Tescos move is a classic reversal and is supply-driven, said Robert Forster of the National Beef Association.
“But it should be welcomed as increasing competition and allowing greater comparison of prices,” he said.
Like other retailers, Tesco has been forced to review policy after suppliers said they could not source enough cattle direct to meet demand.
St Merryn Meat – a main Tesco supplier – wrote to its producer club members recently calling for more cattle to be sent direct, rather than through markets.
Support among dedicated suppliers has dropped “dramatically” and unless numbers rose it would have “no option” but to seek alternative supplies.
This, say traders, suggests farmers are becoming increasingly wary of retailer-led producer clubs because of pricing policies.
Payments, often quoted for animals achieving the strict R4L carcass quality, are commonly based on an average auction price which include a wide variety of stock.
In some cases, differences can be worth 2-8p/kg, suggest traders.
David Williams, NFU livestock committee chairman, believes this has become a real bone of contention. “Producer club members are obviously disappointed.”
The decision by Tesco will allow its main Scottish supplier, McIntosh Donald, to use approved markets openly to top-up weekly kills.

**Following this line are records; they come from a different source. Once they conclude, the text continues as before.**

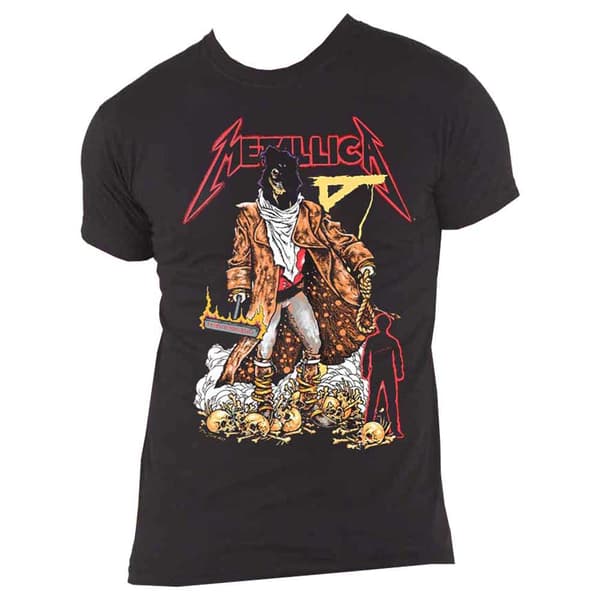 Metallica T Shirt The Unforgiven Executioner Band Logo Official Mens Black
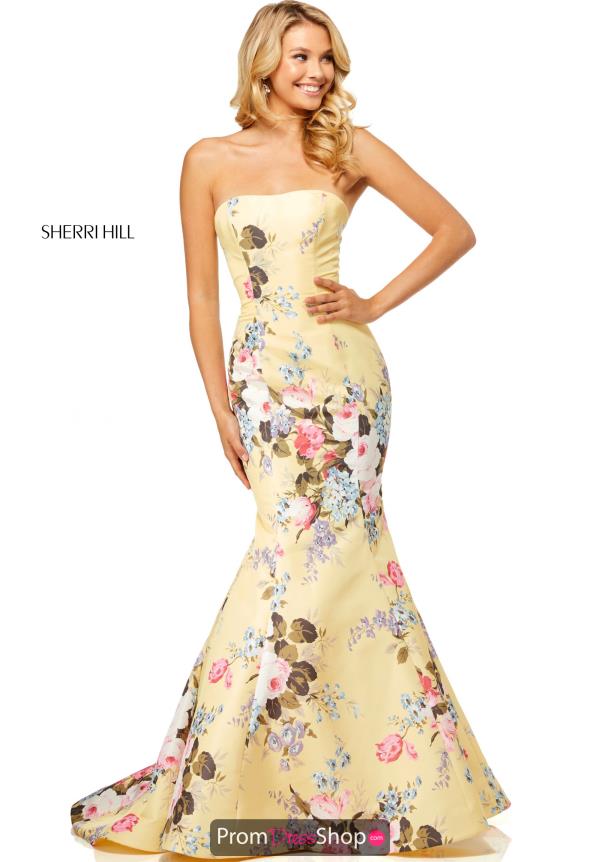 Sherri Hill Mermaid Train Dress 52551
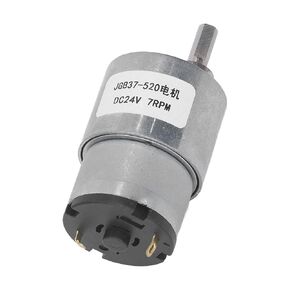 Gear Motor DC24V 7RPM Turbo Worm Motor Dc Micro Motor High Torque Self Locking Gearbox Motor with Hall Encoder for Electric Curtains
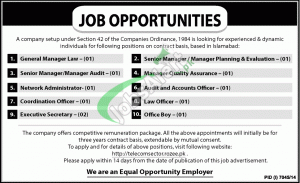 Telecommunication Jobs in Islamabad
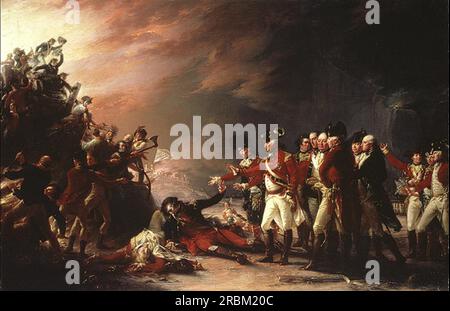 Die Sortie von der Garnison von Gibraltar 1789 von John Trumbull Stockfoto
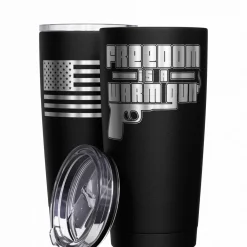 We The People Holsters Freedom Is A Warm Gun Stainless Steel Tumbler Sale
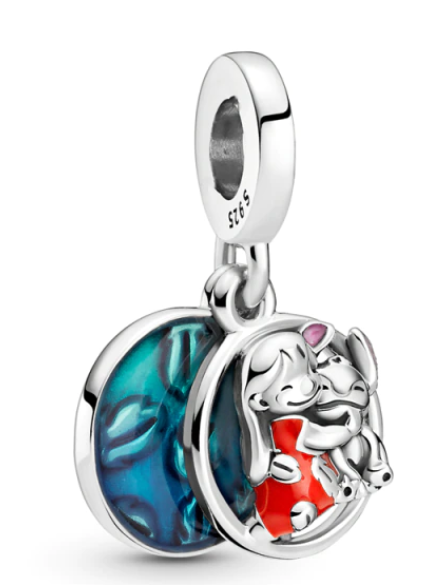925 Sterling Silver Lilo & Stitch Charm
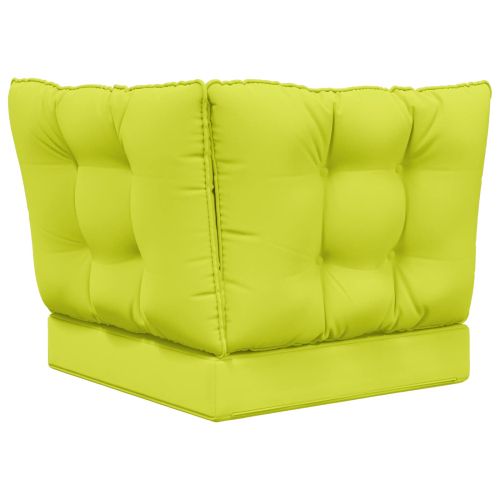 Възглавница за диван на открито 3 pcs Зелен Полиестер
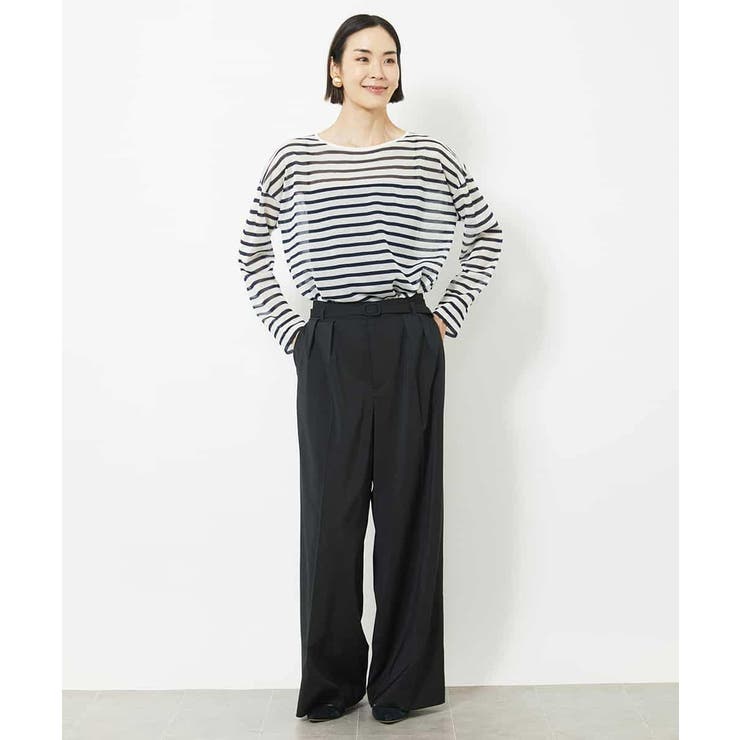 シアーボーダーニット(WEB限定カラー) | MICHEL KLEIN | 詳細画像23 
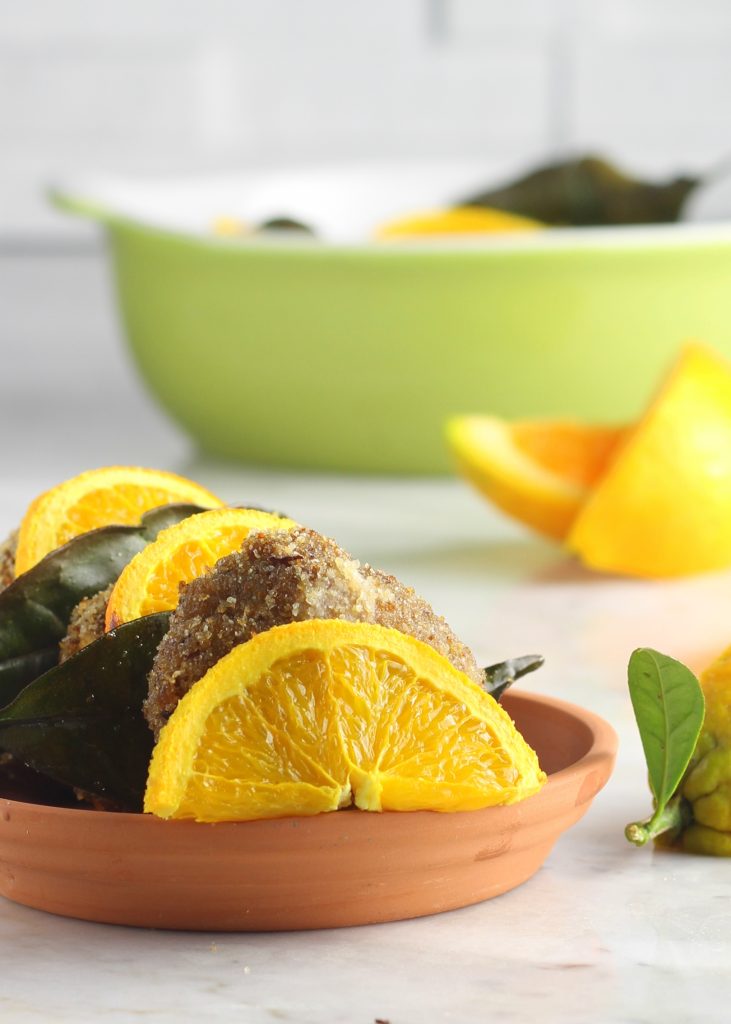 Almôndegas de porco à laranja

Auctioneers suggest there is already anecdotal evidence suggesting buyers acting on behalf of retailer suppliers are back in markets.
Many people in the industry, including Chippenham-based auctioneer Peter Kingwell, would a formal return of the supermarkets to the live auction trade.
“We would be pleased to see them back,” he said.
Marts elsewhere might also benefit from the Tesco move which is initially restricted to auctions north of the border.
Assured British Meat – the government agency overseeing quality in the meat supply chain – hopes to complete a similar exercise across England and Wales.